HappyThankYouMorePlease is the directorial debut of How I Met Your Mother's Josh Radnor, who wrote and stars in the indie romance. He plays Sam, a writer living in New York City in his late 20s. En route to a meeting, he happens upon a young boy named Rasheen, who's been left alone on the subway. Not sure what to do, Sam becomes Rasheen's reluctant guardian for the next few days. As ill-equipped Sam deals with his new charge and finds a possible love interest (Kate Mara), we meet his friends: unlucky-in-love Annie (Malin Akerman) and couple Mary Catherine and Charlie (Zoe Kazan and Pablo Schreiber).
Radnor's first feature is an impressive effort; the individual stories are only moderately compelling, but the slice of life he portrays makes for a disarming and completely enjoyable experience. To find out why else I liked about HappyThankYouMorePlease, just read more.
The entire cast is charming, and each character is likable (even when Sam has a tendency to dip into stereotypical jerky male tendencies). The way he treats Mississippi (Mara), vacillating between puppy dog infatuation and freaked-out dismissal, is maddening, but only because it's how many men his age would behave.
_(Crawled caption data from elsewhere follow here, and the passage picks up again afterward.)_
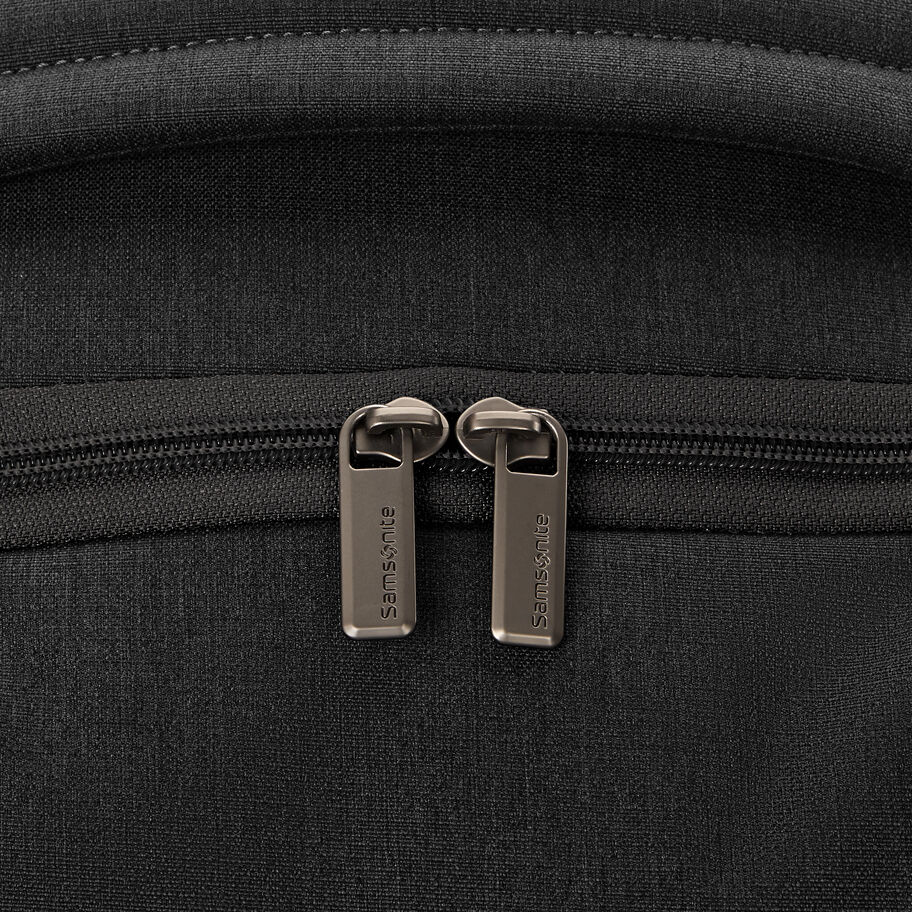 Samsonite Sac Sport &agrave; Roulettes 21,5po in the color NOIR. image number 5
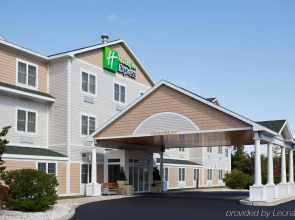 Holiday Inn Express Hotel & Suites Freeport by IHG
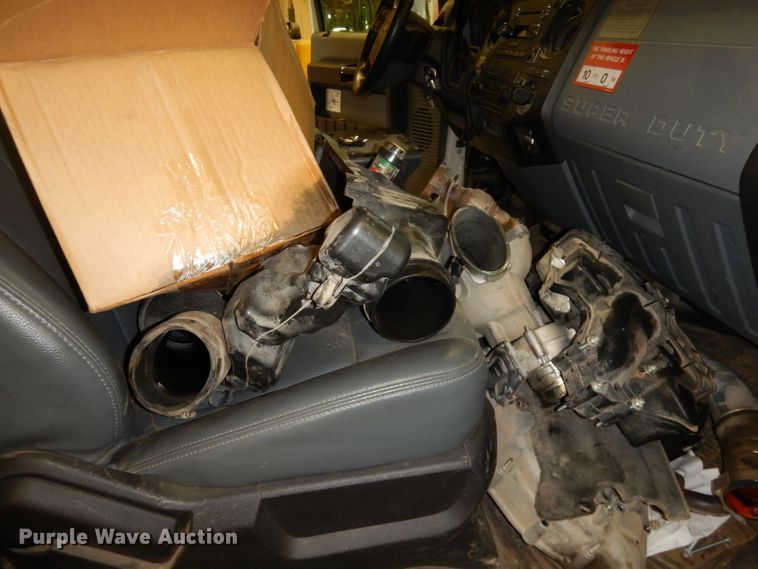 image for item DJ6958 2013 Ford F550 Super Duty  bucket truck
For her part, Mississippi's behavior is also realistic; she's charmed by Sam at first but wounded when he disappoints her.
Akerman is believable as the single Annie, who is affected by Alopecia, but even more afflicted by her poor choices in men. It's nice to see Akerman de-glammed and expressing real vulnerability. I appreciate it even more that Annie suffers from emotional pitfalls, but she's still a strong woman with multiple dimensions.
But perhaps the movie's great standout is Kazan. As Mary Catherine, she's hit a wall in her current relationship with her boyfriend, who's mulling a cross-country move for work. The struggle comes through in Kazan's eyes, even when she's cracking jokes to hide her true feelings. She's matched closely by Schreiber, who is caught between his love for Mary Catherine and his desire to move his life forward.
The real gems in Radnor's script lie in the documentation of mundane aspects of his character's lives. Their dialogue about dating and relationships feels authentic, and sometimes frighteningly familiar. Some lines are so relatable that you can't help but laugh. That's also Radnor's other strong suit; the script is often funny, and it's the humor that saves a lot of the contrived situations. Some of his plot points, like Rasheen's entrance into Sam's life, feel forced, while others feel overly cutesy. Still, the lens of optimism that's present throughout the film keeps it all afloat.